Even while thinking of Africa’s many injustices, I can’t help but think of injustice that is closer to home for my 6th graders. On Friday, I sat down with them to explain their ISAT (standardized test) prep assignment, and Yessenia tells me, “Miss Siscoe, we didn’t prepare for the ISATs last school year.”

“Oh really?” I ask, not sure where this is going.

“Yeah,” cuts in Tomas. “And our teacher would just text on her cell phone all day.”

“She didn’t listen to us when we had reading conferences. She would just text,” adds Josúe.

Seeing that this struck an emotional chord with these 6th graders, I continued to listen.

“And you know how you talk with us so much about why it’s not okay to be a bully? Well last year the teacher didn’t do anything about the bullies. It was hard to come to school,” Gabriel looks at his classmates for support.

“Yeah,” Yessenia is raising her voice now. “Teacher, you wouldn’t have liked our class last year.
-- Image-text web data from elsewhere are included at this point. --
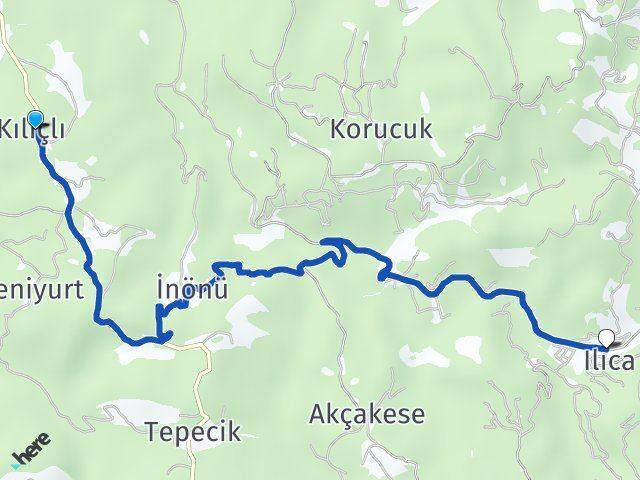 Kılıçlı Ilıca Arası Kaç Km - Yol Tarifi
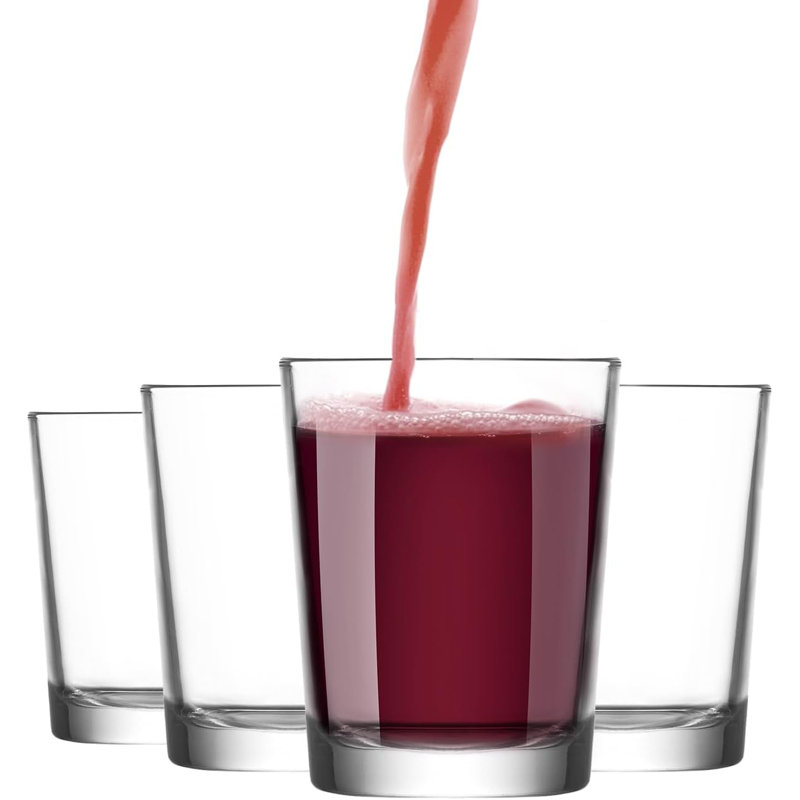 LAV Short Water Glasses for Water, Juice, Beverages, Cocktails – 5 1/2 oz Clear Glass Tumblers for Bars, Restaurants, Home Use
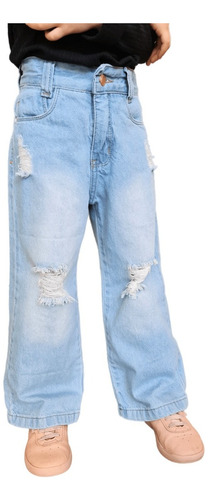 Jeans Infantil Para Meninas Calça Wide Leg Larguinha Rasgada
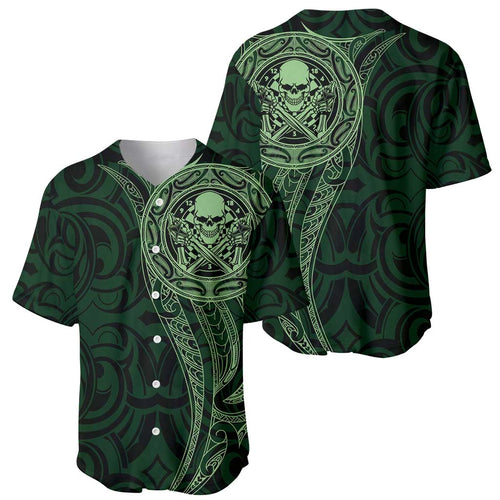 New Zealand Skull Darts Baseball Jersey Aotearoa Maori Chest Tattoo Stylized Green - Aussie Hoodie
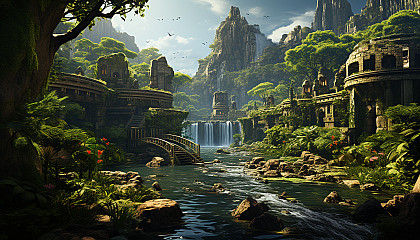 Lush Amazon rainforest with a hidden waterfall, exotic birds, a jaguar peeking through the foliage, and ancient ruins in the background.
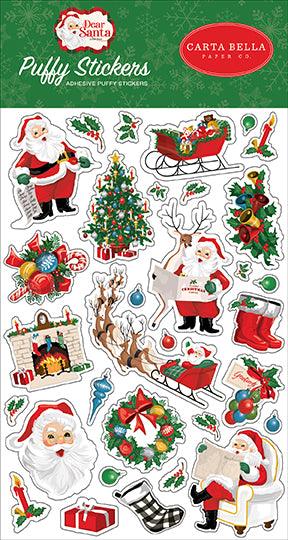 Dear Santa Collection 4 x 7 Puffy Stickers Scrapbook Embellishments by Carta Bella - Scrapbook Supply Companies
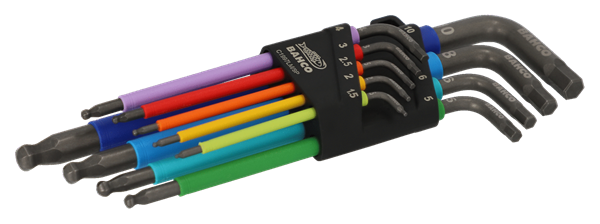 Picture of Metric Long Ball End Coloured Hex L-Key Set  - 9 Pcs BAHCO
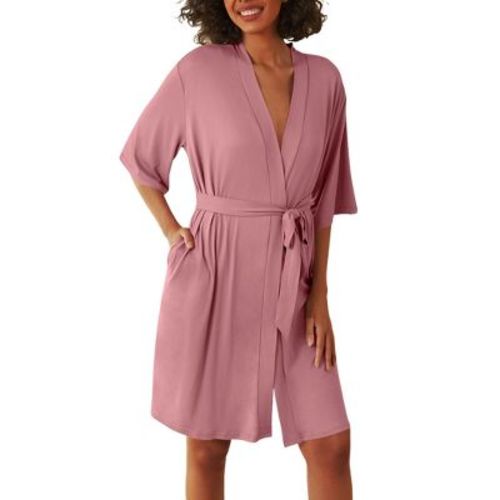 Ekouaer Short Robes for Women Lightweight Robes Knit Bathrobe Soft Sleepwear with Pockets Gray Purple L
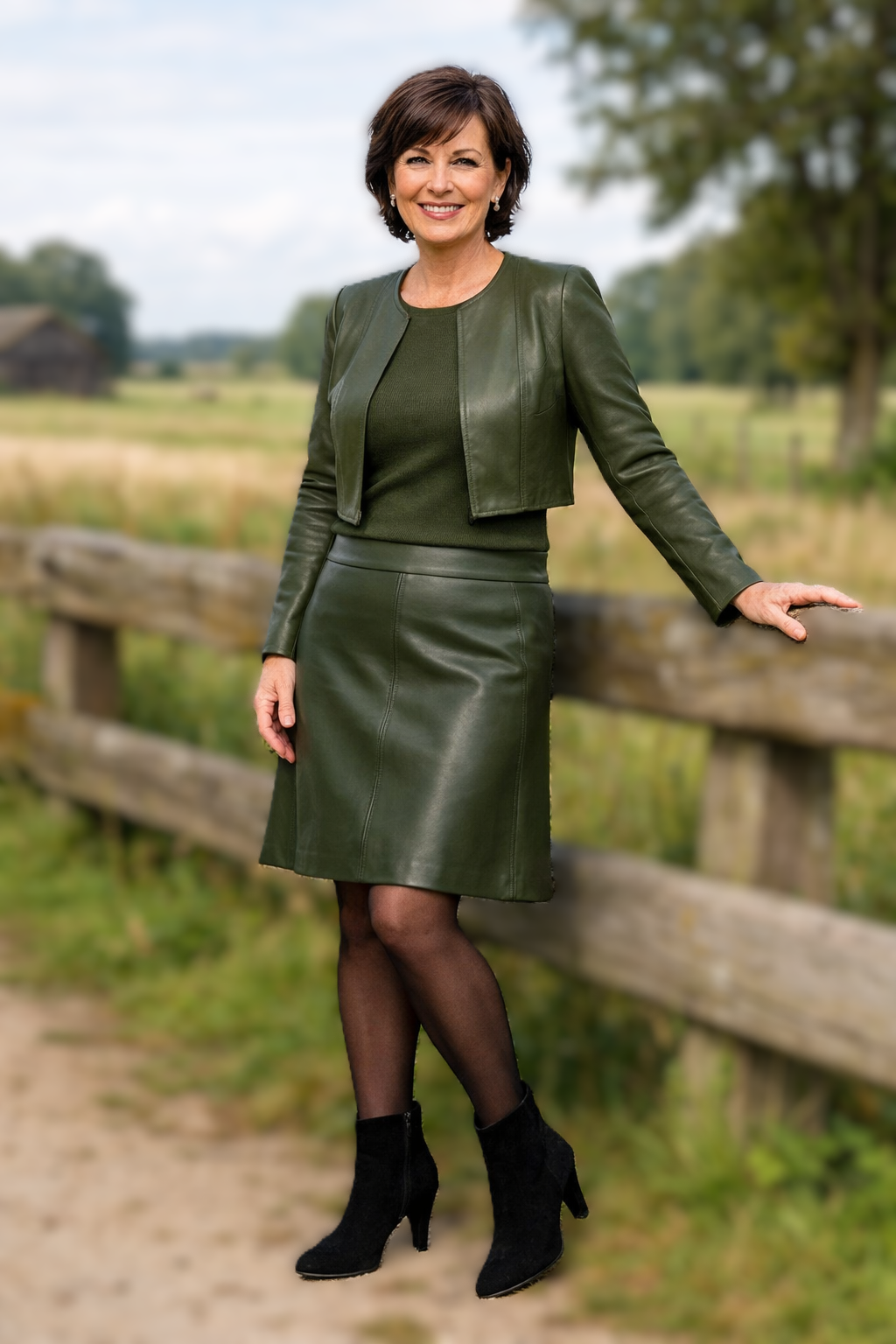 Groene leren A-lijn rok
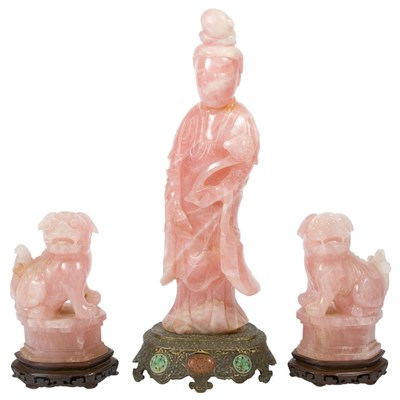 Lot 149 - Group of Three Chinese Rose Quartz Figures...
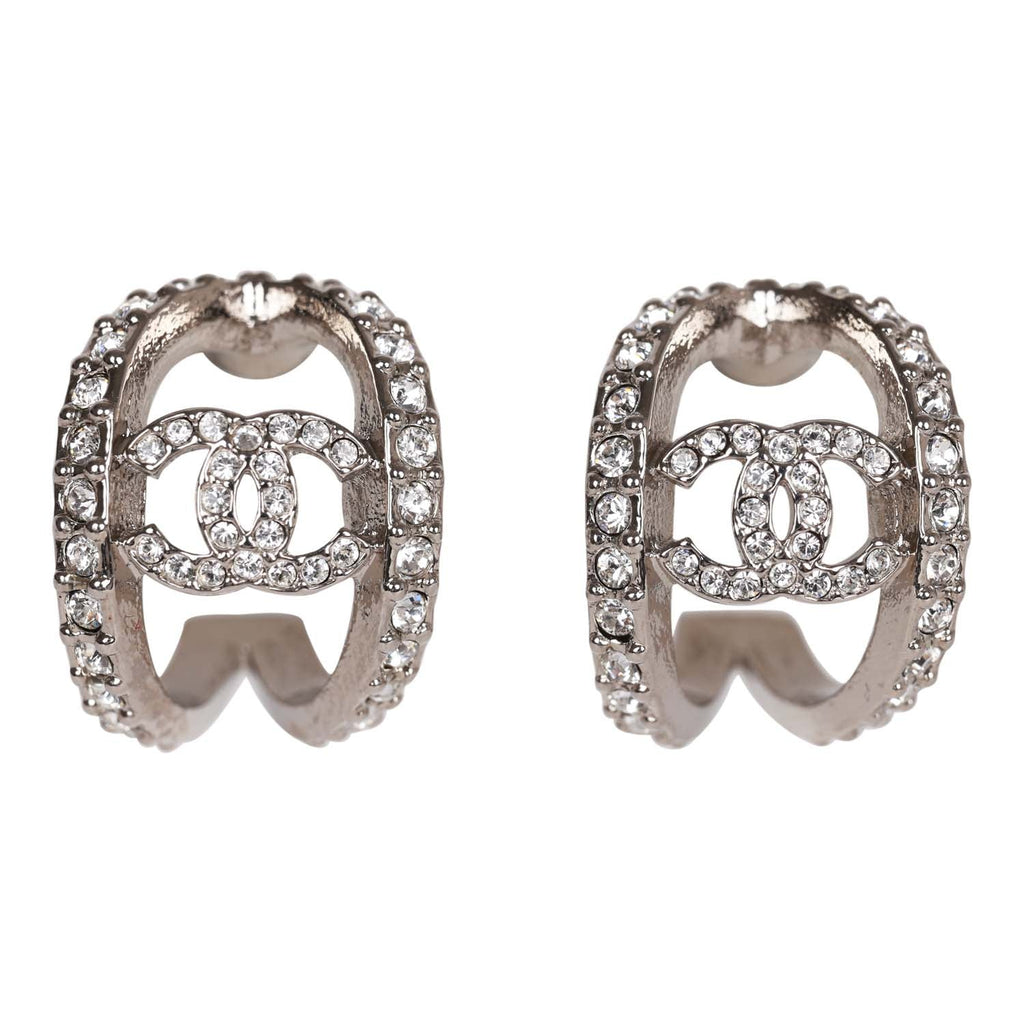 chanel silver earrings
That teacher said she didn’t like us.”

By this point, my heart is breaking and I think I’ve heard enough, but they continue.

“Remember that one time,” Tomas asks everyone, “She had her nails done and then she didn’t want to touch our books? She said she didn’t want to mess up her nails.”

Several more memories surfaced before I gained their attention again.

“Alright, boys and girls, I just have to tell you that my number one rule for myself as your teacher is that my cell phone stays in my purse.”

“We know,” interrupts Yessenia.

I raise my “be quiet” sign. “Also, I want you to know that when I am not listening to you during your reading conferences, it is because I am writing down notes about what I should be sure to teach you. I’m sorry that your teacher last year wasn’t the kind of teacher that you deserve.”

Thoughtful silence.

“Okay, are we ready for our assignment now?”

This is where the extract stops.